The output consists only of the lines from the one with "Theda – Crescent" through the end of the records, each printed exactly, and contains no pictures.

Records to process START

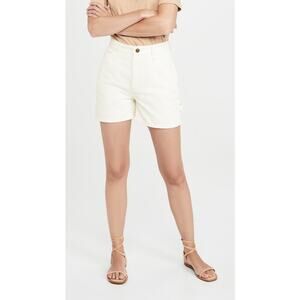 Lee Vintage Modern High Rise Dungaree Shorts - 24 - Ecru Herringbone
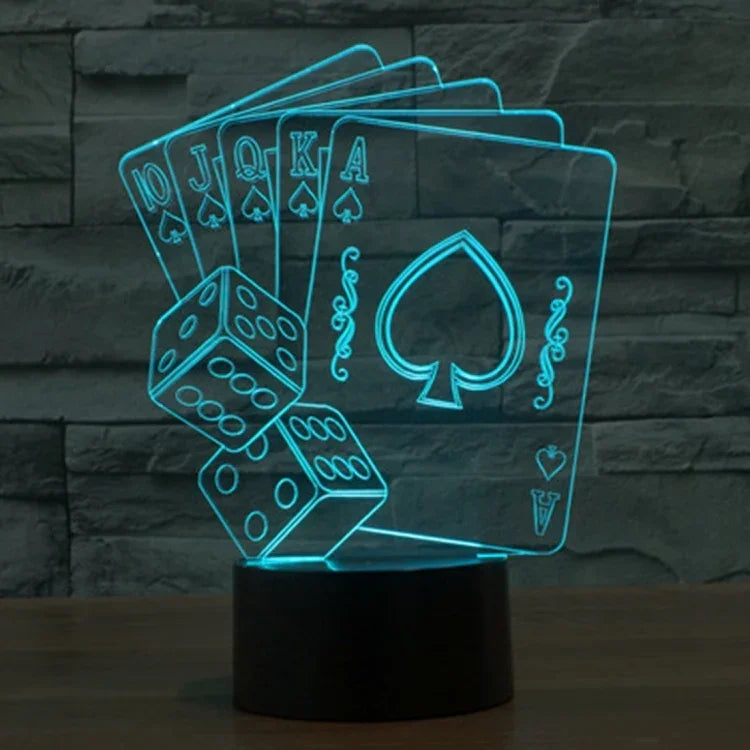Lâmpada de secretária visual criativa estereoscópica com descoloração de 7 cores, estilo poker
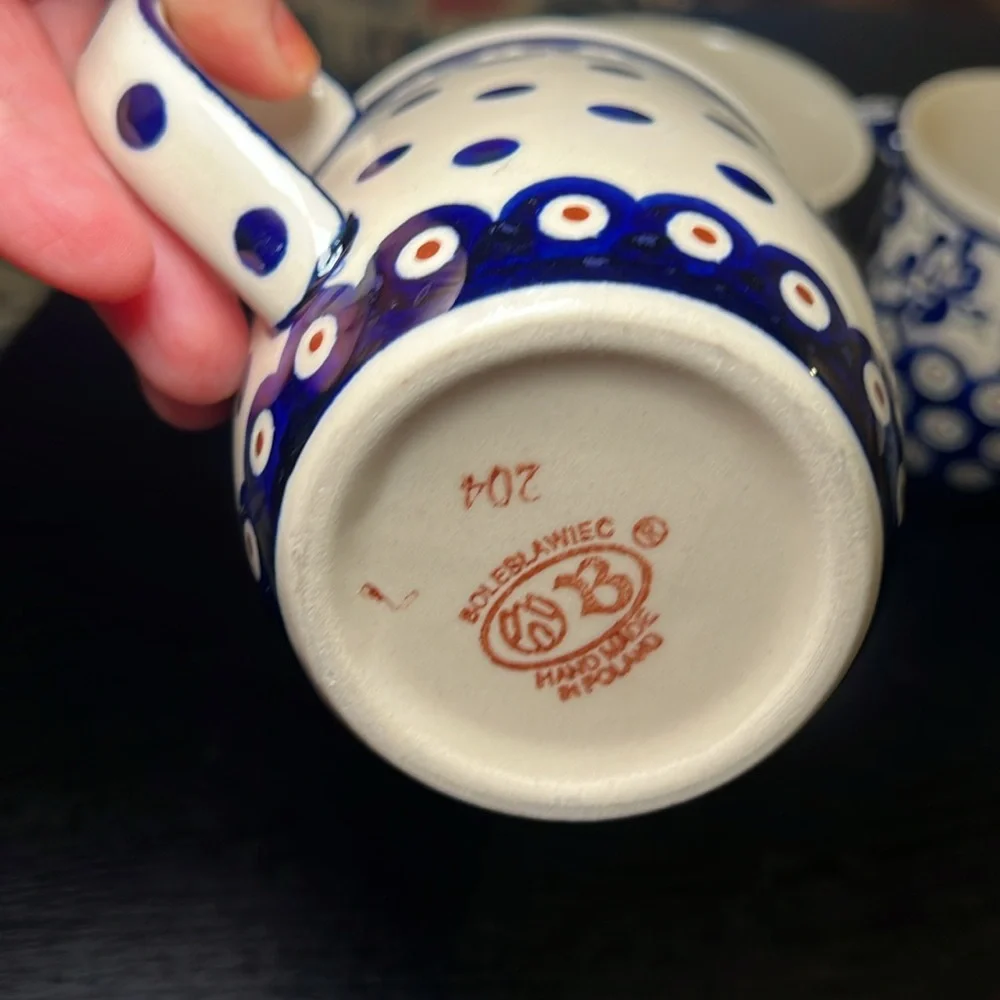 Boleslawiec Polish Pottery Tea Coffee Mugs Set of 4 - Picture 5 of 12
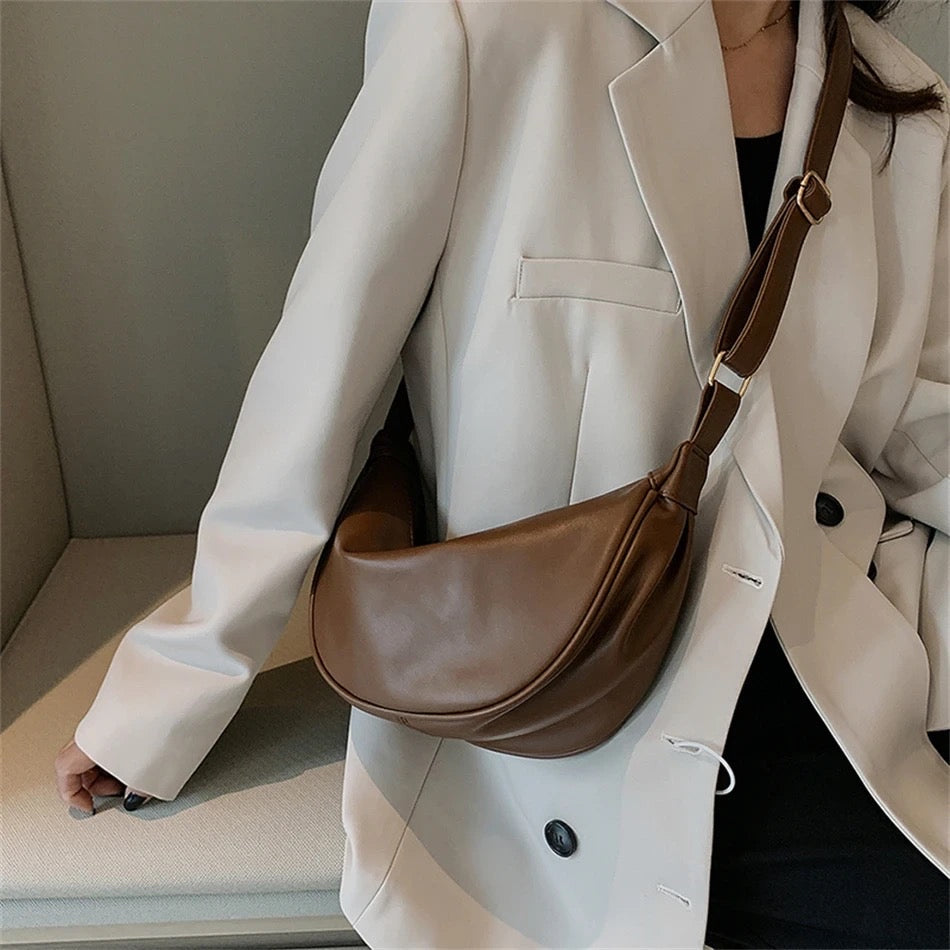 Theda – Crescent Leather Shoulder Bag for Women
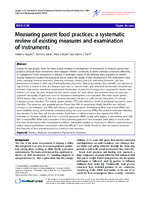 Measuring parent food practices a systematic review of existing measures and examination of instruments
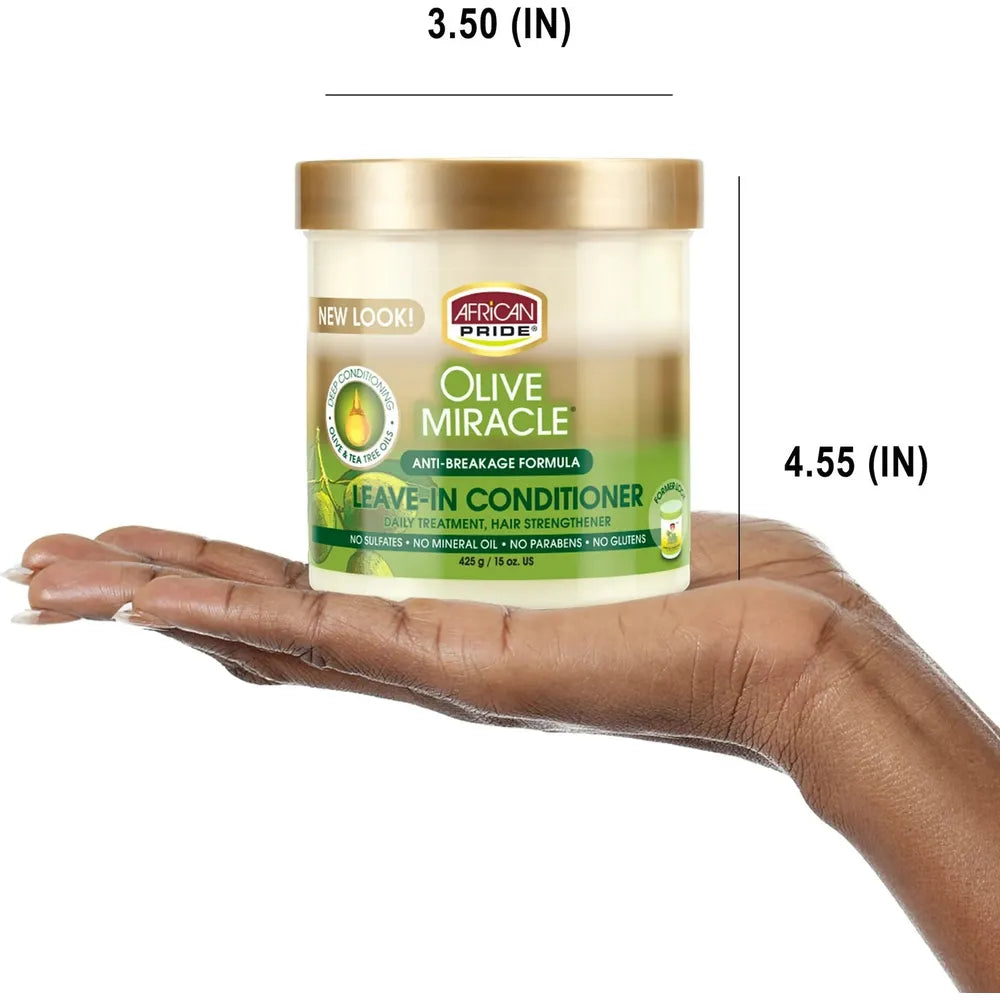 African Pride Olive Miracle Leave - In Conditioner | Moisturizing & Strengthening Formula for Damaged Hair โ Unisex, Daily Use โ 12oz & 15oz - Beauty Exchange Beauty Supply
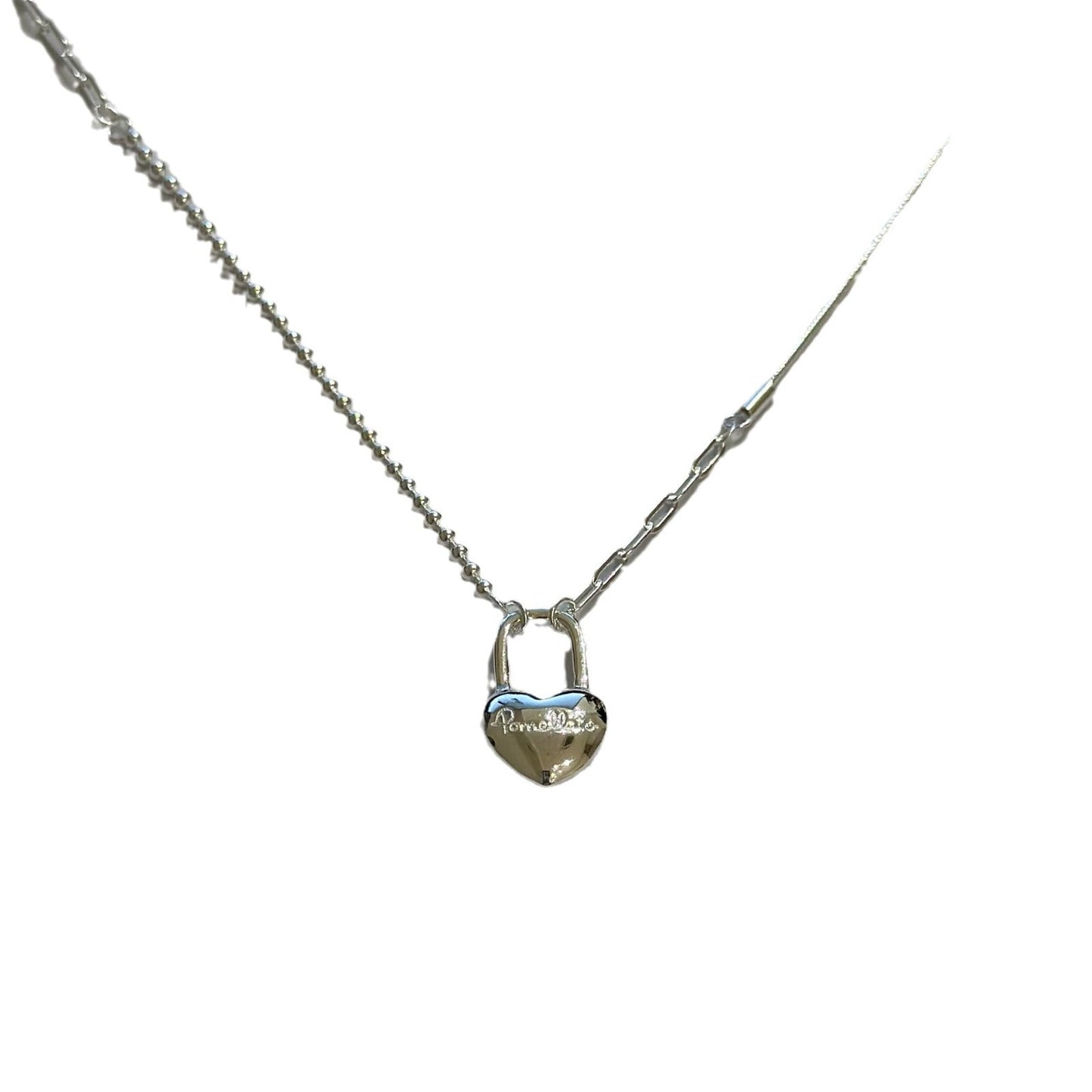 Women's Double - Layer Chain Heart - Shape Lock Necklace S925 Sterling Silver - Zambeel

Records to process END

** Answer **
 Theda – Crescent Leather Shoulder Bag for Women
 Measuring parent food practices a systematic review of existing measures and examination of instruments
 African Pride Olive Miracle Leave - In Conditioner | Moisturizing & Strengthening Formula for Damaged Hair โ Unisex, Daily Use โ 12oz & 15oz - Beauty Exchange Beauty Supply
 Women's Double - Layer Chain Heart - Shape Lock Necklace S925 Sterling Silver - Zambeel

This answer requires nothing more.